There is another overlay to the above analysis that we have not mentioned in the past but it is increasingly pertinent as an attack on Iran apparently looms. This is the idea, popular in some circles, that the West is involved in creating a new final war (a third-world-war) that will result in the decimation of both Israel and Persia and by extension the decimation of Eastern and Western cultures, laying the groundwork for a new world government. Such hypotheses have an elaborate overlay of mysticism and involve Freemasonry, an active Illuminati, etc.
As should be clear by now, we remain unconvinced that the Afghan war in particular is merely a CIA-initiated "low-intensity war." There are certainly elements of this strategy at work in Afghanistan and Pakistan, as well. But in fact the British fought the Pashtuns a century ago without significant success. And the Punjab identity is military as well.
While the war may have begun as part of a larger destabilization effort, the results have not been going according to plan. This is no surprise as we do not believe they went according to plan in Viet Nam either. From the highest vantage, the war going on now in the Middle East and Afghanstian is intended to subdue once and for all those entities that remain stubbornly unintegrated into the Western system of finance and governance. There are other such areas of course, in Africa especially, but it is the Pashtuns (and perhaps the Punjabis) who present the most difficulties.
From this perspective we can see that the war being fought today in Afghansitan (and increasingly in Pakistan) is a critical one for the West not because Afghanistan is at the center of amorphous trade routes but because Afghanistan is the epicenter of unameliorated tribal entities. Our disagreement with Enghals and others stems from this perspective. We do not think the West merely wants merely to create endless, destabilizing chaos with its wars: It wants to win them as well. And right now such a victory is questionable.

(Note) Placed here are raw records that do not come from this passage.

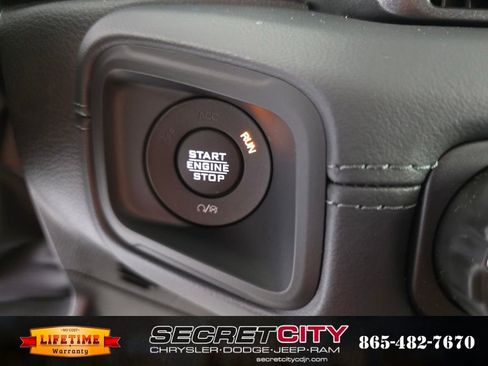 New 2025 Jeep Wrangler Unlimited Rubicon w/ Steel Bumper Group image 22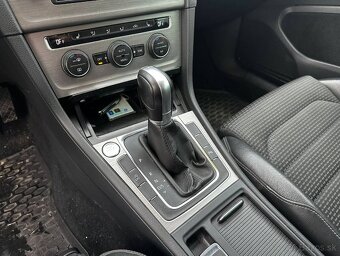 Volkswagen Golf 1.6 TDI DSG - 14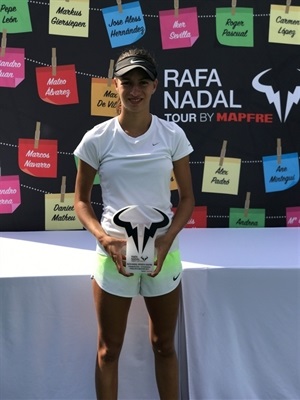 La tenista nuciera Lucía Llinares con su trofeo de subcampeona del Máster Rafa Nadal Tour 2017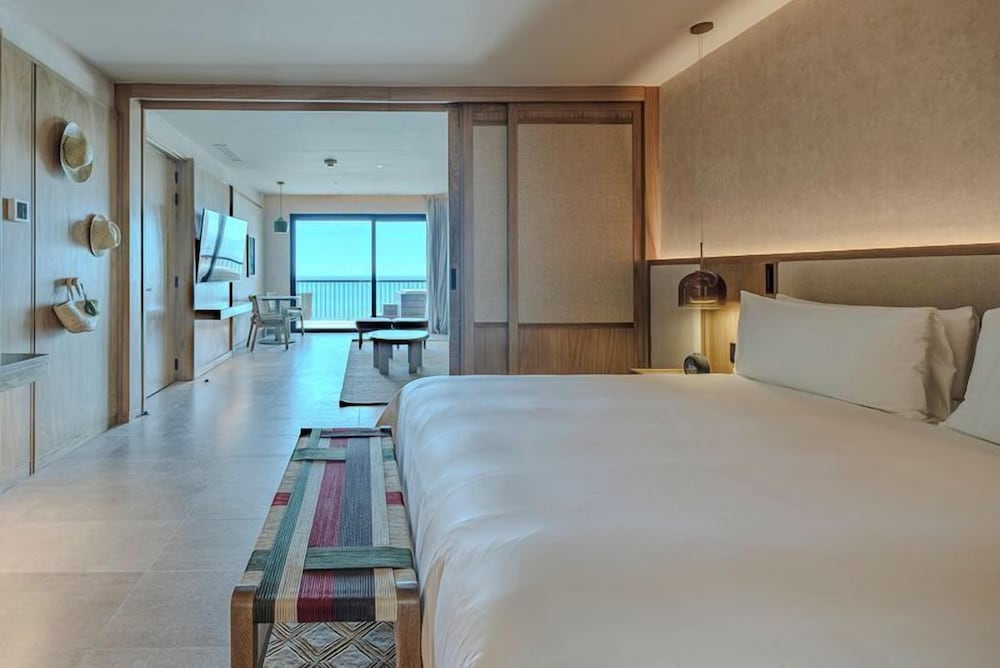Suite, 1 King Bed, Oceanfront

To maintain that these wars – and the war in Afghanistan especially – are merely a CIA and Pentagon two-sided action is cynical. Beyond this it is chauvinistic. Is the idea then that the Pashtuns and Punjabis are mere pawns or puppets of the Anglo-American axis? No, those fighting the West are strapping bombs to their bodies and blowing themselves up. The Taliban come and go in the night and the Pashtun elders maintain there is nothing to be done about it. The Punjabis protect the Taliban and are not likely to surrender anymore than the Pashtuns will.
Conclusion: These are ancient tribes. The war is in earnest. To us the meme that the "West controls all" is another promotion. No one is ever fully in charge of war – certainly not these wars in these places at these times. And these are increasingly dangerous times.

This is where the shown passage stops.